Das Werfen von Gegenständen ist ein Antragsdelikt: Ausgelöst wird das Strafverfahren in der Regel durch den sog. BESO, den «Rapport über besondere Vorkommnisse» der Schiedsrichter. Aber auch Sicherheitsbeauftragte oder angegriffene Offizielle eines Klubs können Antrag stellen.
Bleibt noch aufzuschlüsseln, was eigentlich neben Bierbechern mit Flüssigkeit noch aufs Eis geworfen wird. Am häufigsten Feuerzeuge. Dann folgen Münzen. Was gefährlich ist: Die Münzen frieren auf dem Eis sofort ein und wenn sie nicht entdeckt werden, können sie Verletzungen bei Spielern verursachen, die wegen der eingefrorenen Münzen zu Fall kommen.

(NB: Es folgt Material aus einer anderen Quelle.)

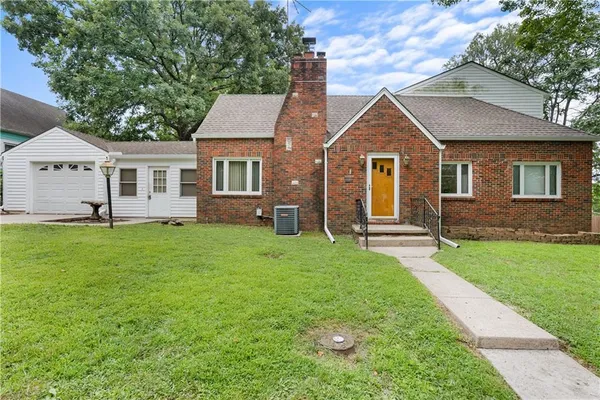 $285,000 | 11219 Evans Street, Sugar Creek, MO 64054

Juristisch ist nicht geregelt, wem das Geld gehört, das aufs Eis geworfen wird. Schiedsrichterchef Andreas Fischer sagt, es sei Brauch, dass die aufgesammelten Münzen in der Schiedsrichtergarderobe auf dem Tisch zurückgelassen werden. Als Trinkgeld fürs Putzpersonal. Am höchsten seien die Einnahmen in … Ambri.
Einmal ist auch schon der Wurf eines toten Fisches rapportiert worden. Und aus einer VIP-Loge ist ein teurer Designer-Schuh aufs Eis geflogen. Was gar nicht so ungewöhnlich ist: Der sowjetische Regierungschef Nikita Chruschtschow war auf der Weltbühne einst in Äusserungen und Gesten eher noch impulsiver als die Hockey-Manager und -Präsidenten in den VIP-Logen.

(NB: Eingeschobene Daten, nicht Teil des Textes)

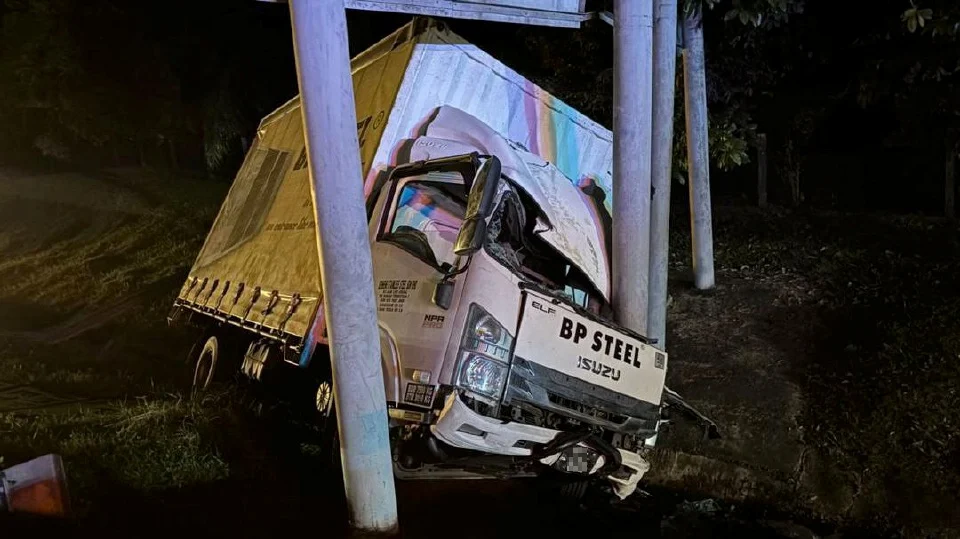 Identiti kelindan lori maut dalam nahas di Gurun sudah dikenal pasti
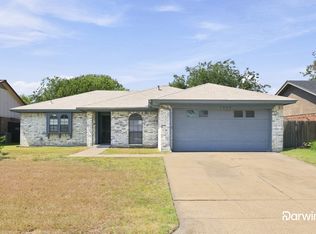 1800 Willow Vale Dr, Fort Worth, TX 76134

Am 12. Oktober 1960 begann Chruschtschow bei der UNO-Vollversammlung während der Rede des philippinischen Delegierten mit seinem Schuh aufs Pult zu schlagen, um seine Wut zum Ausdruck zu bringen. Was einem der mächtigsten Männer der Welt damals recht war, kann heute einem Hockey-Geldausgeber oder Funktionär nur billig sein. Zudem sind in arabischen Ländern das Zeigen und Werfen von Schuhen seit den Zeiten des Osmanischen Reiches ein Symbol für Protest und Ausdruck grosser Verachtung.
Es gibt eigentlich nur eine charmante Form des Protestes, der keine Strafe nach sich zieht: der Papierflieger. Ab und an segelt ein wohl aus einer Seite des Programmheftes gefalteter Papierflieger aufs Eis. In der Regel gibt es deswegen keinen Schiedsrichterrapport.

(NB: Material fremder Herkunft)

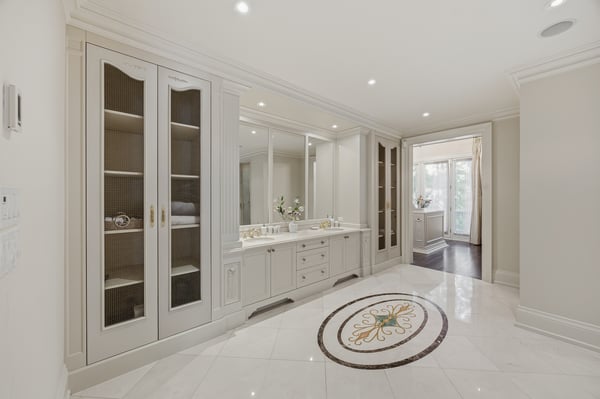 32 Arjay Crescent, Toronto, ON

Den originellsten Protest der Geschichte hat es – wie könnte es denn anders sein – in Ambri gegeben: Ende September 2010 warf ein erboster Sitzplatzzuschauer einen alten Koffer in hohem Bogen aufs Eis. Er gab damit seinen Unmut über Trainer Benoit Laporte Ausdruck. Und tatsächlich musste Ambris Trainer am 11. Oktober 2010 seine Koffer packen und Kevin Constantine Platz machen.
Sollten Trainer diese Saison den Unmut des Publikums wecken – was ja durchaus da und dort vorkommen könnte – so gibt es eine etwas elegantere Form des Protestes als den Kofferwurf: ein zum Papierflieger gefaltetes Flugticket aufs Eis segeln lassen.